■ PROBLEM ■
Output, exactly as written, the lines below from the one that has "10 marla upper" through the one that has "2 Photograph of"; nothing else, and no pictures.

■ DATA LISTING ■
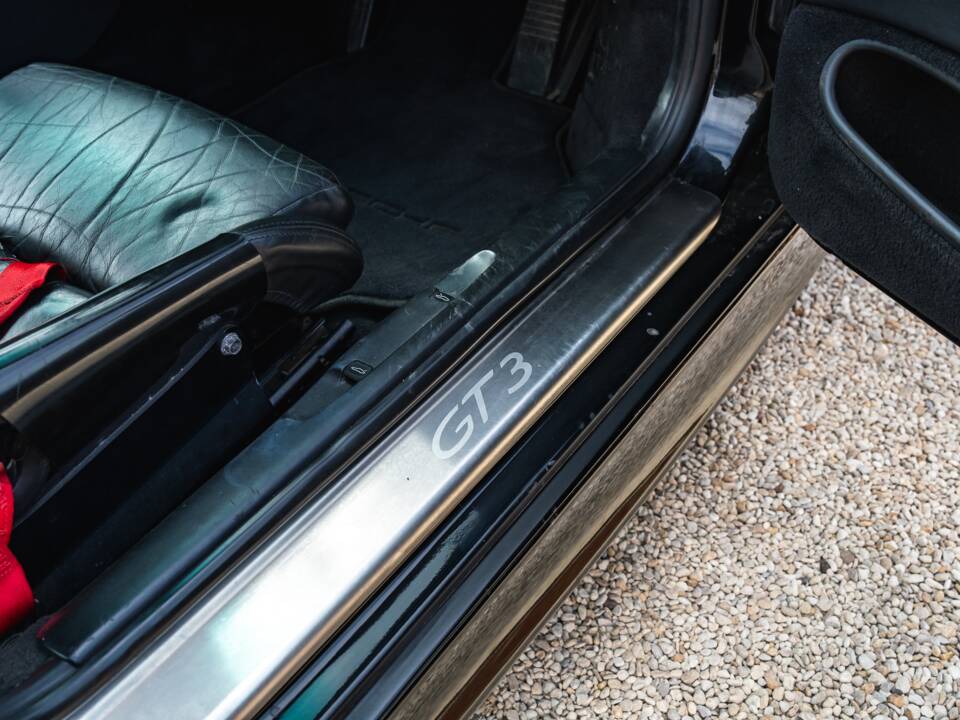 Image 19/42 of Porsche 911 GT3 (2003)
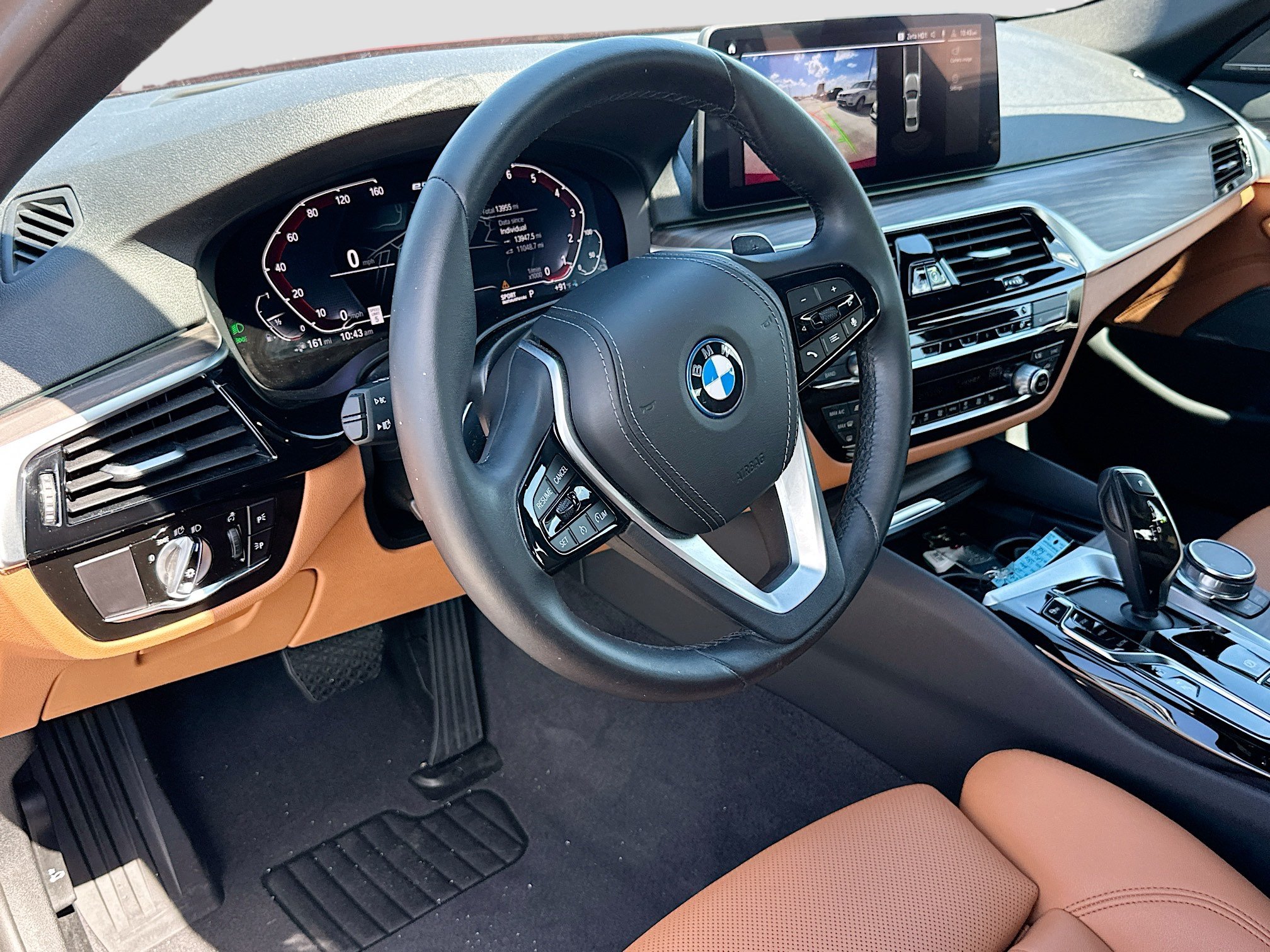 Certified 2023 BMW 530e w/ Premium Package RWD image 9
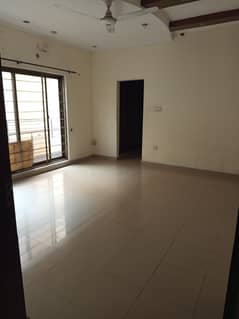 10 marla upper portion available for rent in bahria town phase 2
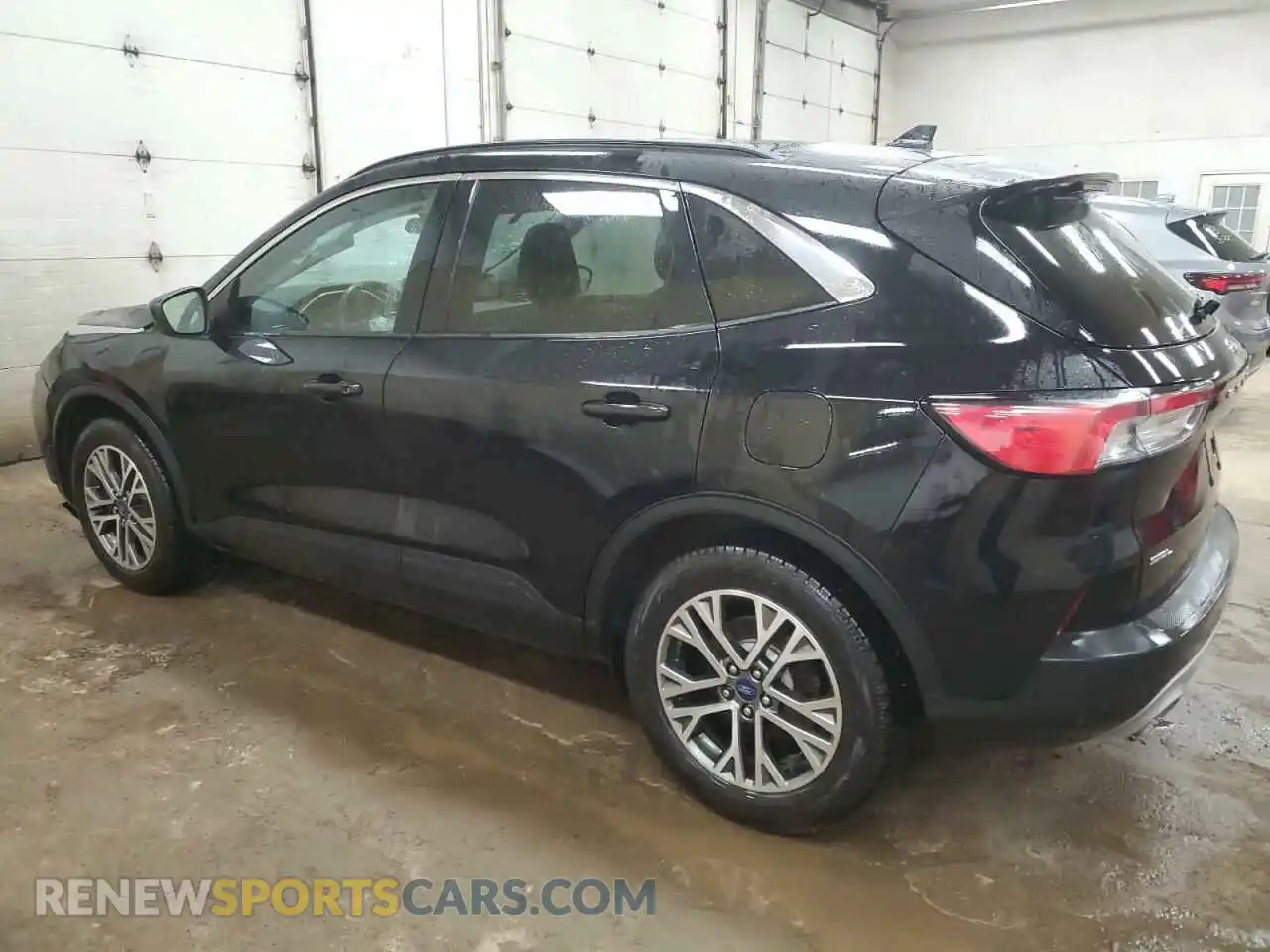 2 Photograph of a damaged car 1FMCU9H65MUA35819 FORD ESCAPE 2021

...

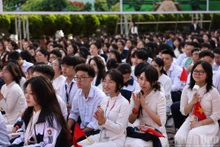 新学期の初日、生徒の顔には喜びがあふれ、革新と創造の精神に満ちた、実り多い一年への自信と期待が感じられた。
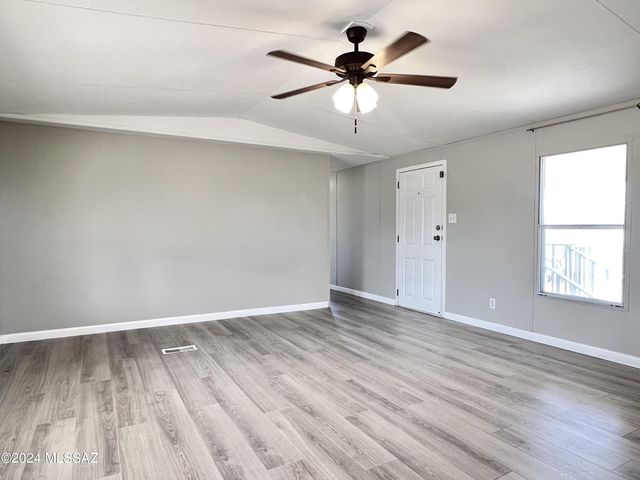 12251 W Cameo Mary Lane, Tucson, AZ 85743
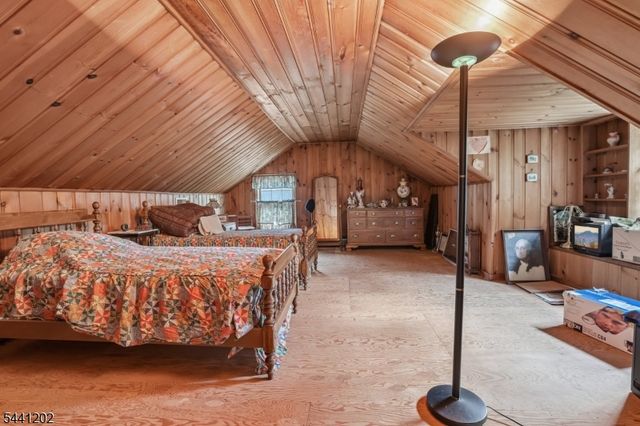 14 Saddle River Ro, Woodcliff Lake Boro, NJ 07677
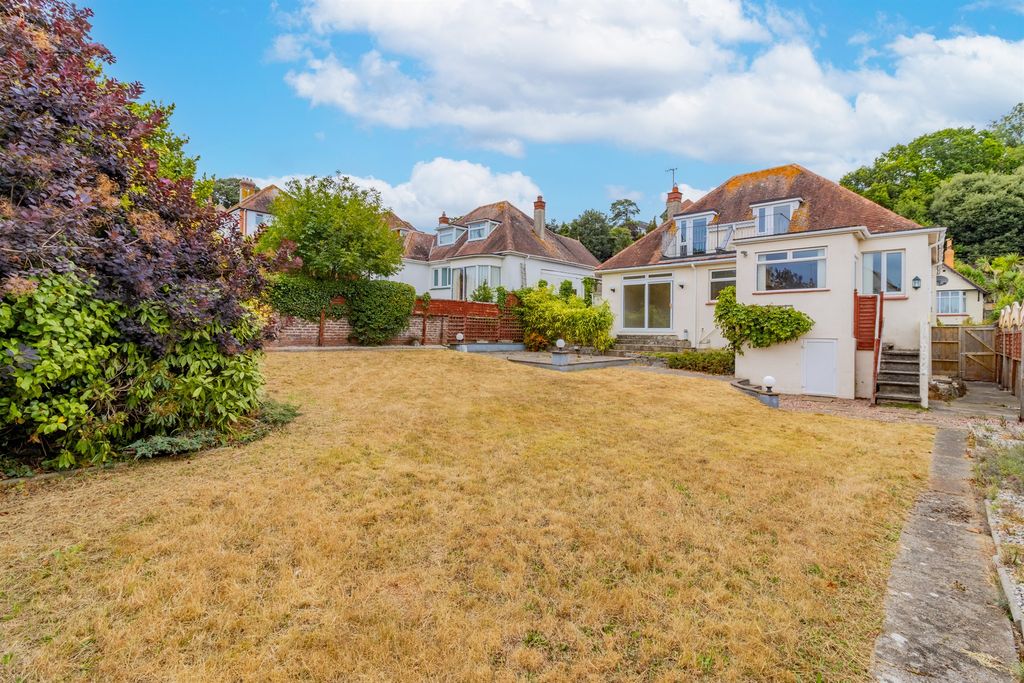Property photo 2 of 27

■ RESPONSE TO THE TASK ■
 10 marla upper portion available for rent in bahria town phase 2
 2 Photograph of a damaged car 1FMCU9H65MUA35819 FORD ESCAPE 2021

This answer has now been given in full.